Incompréhensible. Les commentaires presse les plus critiques sont justes à mes yeux. Spielberg a mis sa patte sur des scènes ou des images bluffantes : ingénieuses, étourdissantes,... et sinon ? Scénario, images, références se répètent. Les subtilités pour traiter le monde réel/virtuel n'y sont pas. Grosses ficelles, copier coller, stéréotypes, ... Sur 1h30 on aurait pu rester sur l'impression d'un blockbuster en joyeux bazar. Là non. Une heure de plus, une heure de trop pour se vouloir être une référence dans le film du genre ? C'est loupé. Le film ne part de rien et ne nous amène nulle part. Steven Spielberg aux manettes d'outils technologiques puissants, à partir d'un livre qui en valait la peine apparemment, et réalisateur qui a (eu ?) du génie, avait là une occasion immense : perdue.
Un film bien fait... mais un film pour (grands) enfants qui fait penser a une super production Walt Disney... avec une belle happy-end un peu ridicule a la fin. Si vous cherchez du bon Spielberg, vous serez déçu.

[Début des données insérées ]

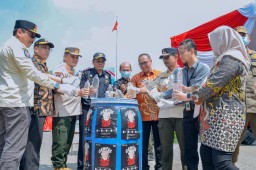 Sekda Gresik Achmad Washil Pimpin Pemusnahan Barang Kena Cukai Senilai 8,3 Miliar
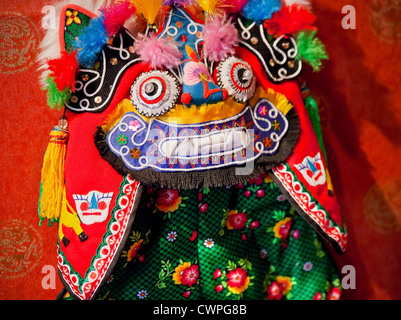 Chinesische bunte Souvenir Marionette Drache Peking, China Stockfoto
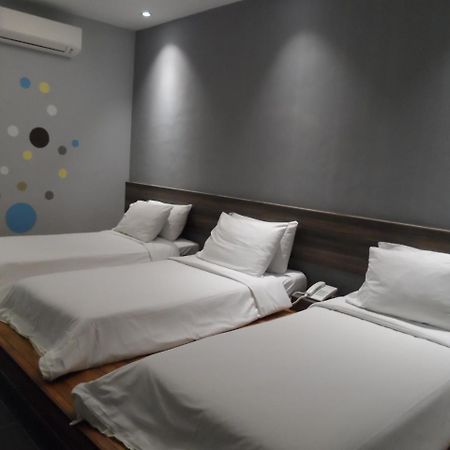 Js Hotel Johor Bahru Exteriör bild
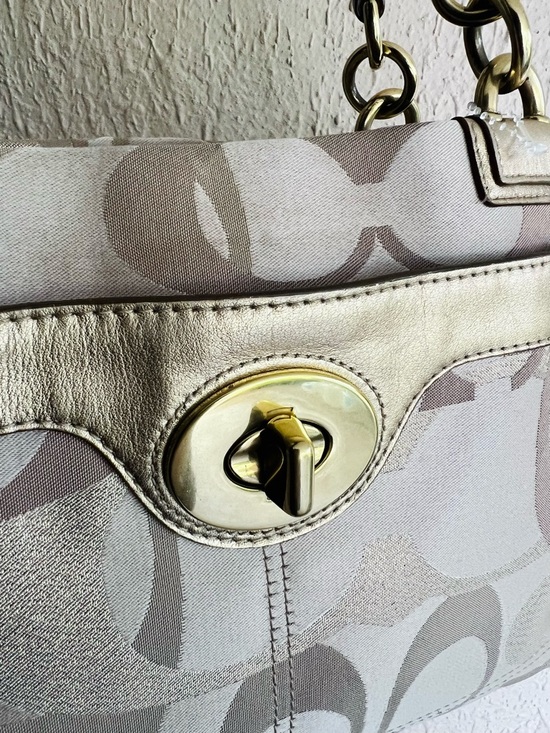 Coach Penelope Optic Signature Carryall - Picture 5 of 12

Je ne comprend pas ce que les réalisateurs (et les spectateurs) trouvent à toutes ces images de synthèse??? Personnellement je n'ai ressenti aucune émotion devant ce film si ce n'est l'ennui... On est bien loin des films de Spielberg qui m'ont fait rêver dans mon enfance, E.T, Jurassik Park, Indiana Jones... Alors c'est bien beau de faire des références toutes les 5 secondes a ces films géniaux des années 80-90 et j'en passe, mais je doute que ça fasse de "Ready Player One" un grand film à son tour. Bref, si on pouvait revenir a des films avec un peu plus de scénario, un peu plus de comédiens réels, quelques animatronics, et un peu moins de virtuel ce serait cool non?

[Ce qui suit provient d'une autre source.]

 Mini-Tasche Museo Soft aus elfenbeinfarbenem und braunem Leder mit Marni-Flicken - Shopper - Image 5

Belle mise en scène de l'univers de la pop culture. Au bout d'une heure, les références visuelles sont tellement nombreuses qu'une impression de délire sans aucune finesse se détache du film. Le scénario est d'un vide... intersidéral et le jeu des personnages limite nanardesque. Bref...ce film est le bac à sable de Spielberg. Tres tres décevant.
En voyant l’affiche et la bande annonce, je me suis dis « oula je n’irai pas le voir ». Puis en voyant les notes données par la presse et le public, je me suis laissée tentée et j’ai fait l’erreur de relever mes attentes pour ce film... Déçue, manque de profondeur, scénario nunuche. Quelques scènes vraiment sympa et un univers attrayant mais à part ça... Encore un film qui nous prend pour des gens stupides, c’est lassant. C’est vraiment à la mode.
Steven Spielberg revient à ses amours SF avec un rollercoaster dont lui seul détient les clefs. Le jeune héros Wade, doit lui trouver 3 clefs au sein de l'Oasis, immense lieu virtuel, auquel Spielberg saura donner des contours féeriques à travers une utilisation de références de la pop-culture. Spielberg est trop malin pour résoudre ses énigmes dans une surenchère, mais propose plutot au spectateur d'avoir du recul sur ce qu'il voit et d'agir de plein pied dans le monde réel. Si la critique du monde virtuel est légère, l'héritage de la pop-culture est interrogé ("les gens n'ont plus résolu les problèmes mais se sont contenté de vivre avec"). Sinon, on prend son pied devant ce spectacle formidable avec un ensemble d'acteurs attachants (une forme du club des 5) et une représentation désolée de la terre du futur intéressante. Les couleurs sont chatoyantes, certaines scènes numériques recèlent une vraie poésie comme entre Artémis et Wade dans la boite de nuit. Le film edt parfois enseveli par sa pyrotechnique mais a aussi quelque chose de doux et de nostalgique.
Que dire sur ce bijou, si vous êtes comme moi un quadra bercé par les 80', foncez, j'ai pris une claque comme ça arrive rarement, spoiler: la sainte grenade dommage qu'elle ai pas fait Hallelouia, la séquence sur Shinning à mourir de rire, la Dolorean etc. . merci Monsieur Spielberg.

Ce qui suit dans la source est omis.